Annuncio della Beatificazione dei Martiri Saveriani
“La beatificazione dei nostri confratelli è motivo di grande gioia per tutti noi Saveriani e per la Chiesa universale”, ha dichiarato padre Fernando García Rodríguez, superiore generale dei Saveriani.
Il 18 agosto saranno proclamati beati i Saveriani Vittorio Faccin, Luigi Carrara, Giovanni Didonè e il sacerdote congolese Albert Joubert.
Si tratta di un riconoscimento pubblico ufficiale da parte della Chiesa, anche se di fatto le persone di Fizi e Baraka li hanno da sempre considerati dei martiri.
Per la Chiesa cattolica presente in Congo è anche motivo di ulteriore fermento. Questa è la seconda beatificazione che avviene in Congo, dopo quella del 1985 di Sr. Maria Clementina (al secolo Alphonsine) Anuarite Nengapeta.
“La Chiesa, dichiarandoli beati, riconosce la loro morte violenta come un martirio,” afferma p. Fernando, “sono morti dando testimonianza dell’amore per Dio e per il popolo congolese che stavano servendo”.
Il padre generale si chiede, “da dove hanno tratto la forza per continuare a vivere a Baraka e Fizi quando sapevano che le loro vite erano a rischio? Qual è stata la motivazione principale per rimanere accanto al popolo nonostante il pericolo, le minacce e l’incertezza”?
La risposta sembra emergere nei loro scritti che sono giunti fino a noi: la vita che abbiamo ricevuto è una cosa seria. E se è una cosa seria, va vissuta pienamente, mettendola al servizio dell’eternità. Perché chiunque voglia salvare la propria vita, la perderà, ma chi consegna la propria vita per causa mia, la troverà (Mt 16,25).
“È molto significativo che questa celebrazione avvenga oggi, nel 2024, quando il Congo non è un paese completamente in pace e nel mondo i conflitti continuano ad aumentare,” continua p. Fernando, “mi auguro che l’esempio dei nostri confratelli possa toccare il cuore di tante persone, soprattutto di chi ha responsabilità decisionali, affinché la pace divenga una realtà per tutti”.

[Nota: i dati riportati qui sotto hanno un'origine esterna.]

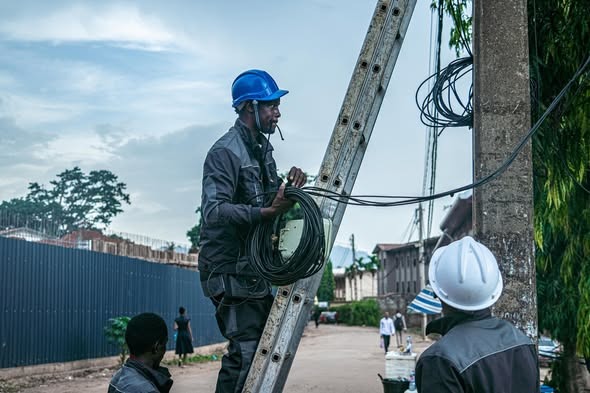 𝐃𝐞́𝐩𝐥𝐨𝐢𝐞𝐦𝐞𝐧𝐭, 𝐏𝐫𝐨𝐚𝐜𝐭𝐢𝐯𝐢𝐭𝐞́,𝐐𝐮𝐚𝐥𝐢𝐭𝐞́ 𝐝𝐞 𝐬𝐞𝐫𝐯𝐢𝐜𝐞.
Chez Matrix Télécoms, nous garantissons à nos clients des réseaux à haute disponibilité de 99,999%.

Il motore che li ha guidati fino al Congo è stata la fede in Gesù Cristo e nel suo progetto di salvezza per l’umanità, hanno messo le loro vite al servizio dell’amore di Dio, avendo come modello di vita e di azione missionaria Gesù Cristo.
“Sono rimasti fedeli perché Dio è fedele”, afferma il missionario.

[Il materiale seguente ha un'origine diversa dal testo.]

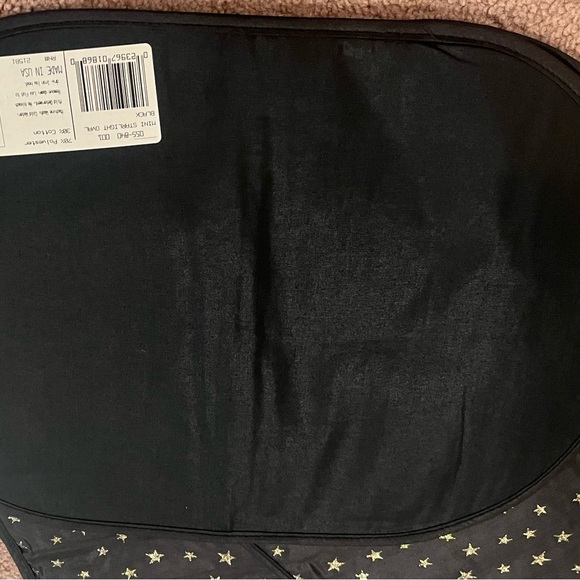 NEW Holiday 2 square Tablecloths & 6 Placemats. Black and Ivory with Gold stars. - Picture 8 of 10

I martiri sono anche di esempio ad altri cristiani e missionari. “Vivere in questo modo, con questa convinzione, tenendo conto anche della loro giovane età, non può essere venuto in modo spontaneo o quasi naturale, poiché il riflesso naturale è proteggersi, mettersi al riparo da qualsiasi minaccia”, afferma il superiore. “Questa convinzione è frutto di un’educazione e formazione umana, cristiana e missionaria che si acquisisce nel tempo e nella perseveranza quotidiana”.
“Faccin, Carrara, Didonè e Joubert sono ora per noi modelli di vita umana, cristiana e Saveriana”, conclude p. Fernando. “Possano essere una fonte continua di ispirazione e sostegno per la nostra vita Saveriana”.